What is expected. Return exactly those lines of the material below that fall between the line holding "Crematogaster parapilosa" and the line holding "臺灣款冬藏品圖，第1張", inclusive.

== Entries shown

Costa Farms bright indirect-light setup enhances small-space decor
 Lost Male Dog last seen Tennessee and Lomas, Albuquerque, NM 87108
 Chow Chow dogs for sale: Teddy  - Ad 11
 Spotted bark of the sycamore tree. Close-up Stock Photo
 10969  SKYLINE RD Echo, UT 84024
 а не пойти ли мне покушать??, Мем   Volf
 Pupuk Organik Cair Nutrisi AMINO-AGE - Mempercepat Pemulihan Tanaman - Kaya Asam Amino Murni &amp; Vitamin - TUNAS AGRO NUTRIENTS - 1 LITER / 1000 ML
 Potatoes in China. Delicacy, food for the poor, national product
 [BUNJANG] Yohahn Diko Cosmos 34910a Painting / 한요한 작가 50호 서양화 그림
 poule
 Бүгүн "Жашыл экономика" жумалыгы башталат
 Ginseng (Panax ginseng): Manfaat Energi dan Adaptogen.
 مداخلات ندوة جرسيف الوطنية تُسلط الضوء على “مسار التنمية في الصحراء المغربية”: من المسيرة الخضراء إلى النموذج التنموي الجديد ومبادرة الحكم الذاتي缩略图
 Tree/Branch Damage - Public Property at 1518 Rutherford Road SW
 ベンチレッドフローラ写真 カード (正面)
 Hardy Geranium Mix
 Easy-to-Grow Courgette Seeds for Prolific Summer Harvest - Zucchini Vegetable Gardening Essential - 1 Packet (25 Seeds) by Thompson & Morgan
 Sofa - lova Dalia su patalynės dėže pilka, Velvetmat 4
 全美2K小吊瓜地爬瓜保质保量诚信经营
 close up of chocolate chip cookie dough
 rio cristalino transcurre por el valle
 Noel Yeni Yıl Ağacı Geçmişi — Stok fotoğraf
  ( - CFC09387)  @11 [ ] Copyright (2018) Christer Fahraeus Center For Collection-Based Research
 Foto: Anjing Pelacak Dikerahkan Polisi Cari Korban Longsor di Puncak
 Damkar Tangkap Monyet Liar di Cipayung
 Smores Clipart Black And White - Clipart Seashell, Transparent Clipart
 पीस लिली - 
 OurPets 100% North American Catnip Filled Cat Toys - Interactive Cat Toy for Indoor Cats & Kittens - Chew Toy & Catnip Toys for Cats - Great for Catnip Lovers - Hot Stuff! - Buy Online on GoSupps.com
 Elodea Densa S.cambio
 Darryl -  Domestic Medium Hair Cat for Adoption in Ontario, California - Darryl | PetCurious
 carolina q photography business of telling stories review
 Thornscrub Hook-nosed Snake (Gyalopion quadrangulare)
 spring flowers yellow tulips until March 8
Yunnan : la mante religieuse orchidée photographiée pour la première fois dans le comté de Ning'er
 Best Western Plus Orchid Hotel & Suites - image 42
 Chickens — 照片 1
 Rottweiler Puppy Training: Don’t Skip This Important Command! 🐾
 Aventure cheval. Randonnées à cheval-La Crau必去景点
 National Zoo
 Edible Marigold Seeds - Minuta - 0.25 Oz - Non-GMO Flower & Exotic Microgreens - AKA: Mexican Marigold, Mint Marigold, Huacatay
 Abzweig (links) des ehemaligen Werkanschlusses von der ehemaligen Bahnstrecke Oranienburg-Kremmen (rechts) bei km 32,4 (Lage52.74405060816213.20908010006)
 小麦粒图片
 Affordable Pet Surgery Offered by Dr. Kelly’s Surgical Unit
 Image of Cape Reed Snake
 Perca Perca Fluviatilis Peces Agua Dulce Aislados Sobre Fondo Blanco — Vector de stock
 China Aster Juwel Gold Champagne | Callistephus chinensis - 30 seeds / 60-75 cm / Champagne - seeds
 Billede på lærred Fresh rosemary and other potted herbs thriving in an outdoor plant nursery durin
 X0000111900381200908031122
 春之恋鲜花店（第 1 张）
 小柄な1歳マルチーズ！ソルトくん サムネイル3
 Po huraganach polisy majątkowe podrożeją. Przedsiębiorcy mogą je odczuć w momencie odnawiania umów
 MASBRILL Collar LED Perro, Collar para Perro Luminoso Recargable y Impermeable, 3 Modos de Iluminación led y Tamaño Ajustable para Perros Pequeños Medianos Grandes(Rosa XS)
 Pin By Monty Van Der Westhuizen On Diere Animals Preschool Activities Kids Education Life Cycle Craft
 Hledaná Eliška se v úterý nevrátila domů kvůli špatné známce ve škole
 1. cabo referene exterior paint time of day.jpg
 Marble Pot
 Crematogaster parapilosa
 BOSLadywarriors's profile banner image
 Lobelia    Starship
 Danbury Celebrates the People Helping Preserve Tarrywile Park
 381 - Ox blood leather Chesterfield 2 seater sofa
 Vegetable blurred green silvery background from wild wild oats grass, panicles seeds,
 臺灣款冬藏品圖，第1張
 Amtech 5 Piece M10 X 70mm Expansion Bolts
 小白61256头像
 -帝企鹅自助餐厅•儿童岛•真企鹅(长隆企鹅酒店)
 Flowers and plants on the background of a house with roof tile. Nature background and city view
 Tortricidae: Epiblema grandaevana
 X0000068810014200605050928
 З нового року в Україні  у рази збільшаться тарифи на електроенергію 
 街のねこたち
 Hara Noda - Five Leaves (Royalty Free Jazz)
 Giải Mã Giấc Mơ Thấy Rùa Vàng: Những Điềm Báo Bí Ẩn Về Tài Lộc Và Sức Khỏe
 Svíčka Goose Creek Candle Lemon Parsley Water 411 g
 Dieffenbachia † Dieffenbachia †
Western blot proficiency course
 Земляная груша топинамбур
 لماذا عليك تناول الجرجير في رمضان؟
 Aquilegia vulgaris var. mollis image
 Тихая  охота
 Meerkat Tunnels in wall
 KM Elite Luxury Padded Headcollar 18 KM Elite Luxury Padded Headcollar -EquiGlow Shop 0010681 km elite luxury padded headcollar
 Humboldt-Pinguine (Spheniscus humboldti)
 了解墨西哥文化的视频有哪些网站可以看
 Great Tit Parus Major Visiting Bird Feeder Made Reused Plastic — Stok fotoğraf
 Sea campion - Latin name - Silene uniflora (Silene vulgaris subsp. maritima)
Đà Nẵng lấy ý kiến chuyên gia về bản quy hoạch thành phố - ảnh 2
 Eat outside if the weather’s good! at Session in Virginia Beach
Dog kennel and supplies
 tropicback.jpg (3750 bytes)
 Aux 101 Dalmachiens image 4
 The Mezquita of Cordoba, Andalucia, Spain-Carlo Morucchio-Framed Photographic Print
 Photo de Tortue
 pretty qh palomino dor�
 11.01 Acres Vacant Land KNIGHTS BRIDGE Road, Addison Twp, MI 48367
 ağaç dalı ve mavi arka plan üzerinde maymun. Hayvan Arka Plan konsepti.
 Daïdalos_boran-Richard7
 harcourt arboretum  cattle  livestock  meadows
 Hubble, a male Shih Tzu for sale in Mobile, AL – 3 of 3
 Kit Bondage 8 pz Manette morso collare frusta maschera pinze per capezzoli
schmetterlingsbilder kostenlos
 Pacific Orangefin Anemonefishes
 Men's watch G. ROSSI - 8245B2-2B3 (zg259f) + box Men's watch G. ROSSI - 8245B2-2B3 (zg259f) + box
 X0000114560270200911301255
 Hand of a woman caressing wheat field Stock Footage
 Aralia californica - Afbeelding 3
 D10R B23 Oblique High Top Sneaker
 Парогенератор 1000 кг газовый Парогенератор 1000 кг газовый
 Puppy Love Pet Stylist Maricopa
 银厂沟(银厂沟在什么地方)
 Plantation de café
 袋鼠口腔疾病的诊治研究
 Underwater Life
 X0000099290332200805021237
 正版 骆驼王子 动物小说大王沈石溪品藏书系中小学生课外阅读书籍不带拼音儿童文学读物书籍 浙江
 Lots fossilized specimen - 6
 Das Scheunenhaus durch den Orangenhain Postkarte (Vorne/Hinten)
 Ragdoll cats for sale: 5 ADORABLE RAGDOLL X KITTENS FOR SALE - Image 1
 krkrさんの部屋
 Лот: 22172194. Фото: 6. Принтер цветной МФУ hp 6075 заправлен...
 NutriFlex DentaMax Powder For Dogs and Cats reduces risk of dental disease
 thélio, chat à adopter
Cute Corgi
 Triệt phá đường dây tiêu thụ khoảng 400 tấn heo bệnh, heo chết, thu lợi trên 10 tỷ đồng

====

Task solution.
 Crematogaster parapilosa
 BOSLadywarriors's profile banner image
 Lobelia    Starship
 Danbury Celebrates the People Helping Preserve Tarrywile Park
 381 - Ox blood leather Chesterfield 2 seater sofa
 Vegetable blurred green silvery background from wild wild oats grass, panicles seeds,
 臺灣款冬藏品圖，第1張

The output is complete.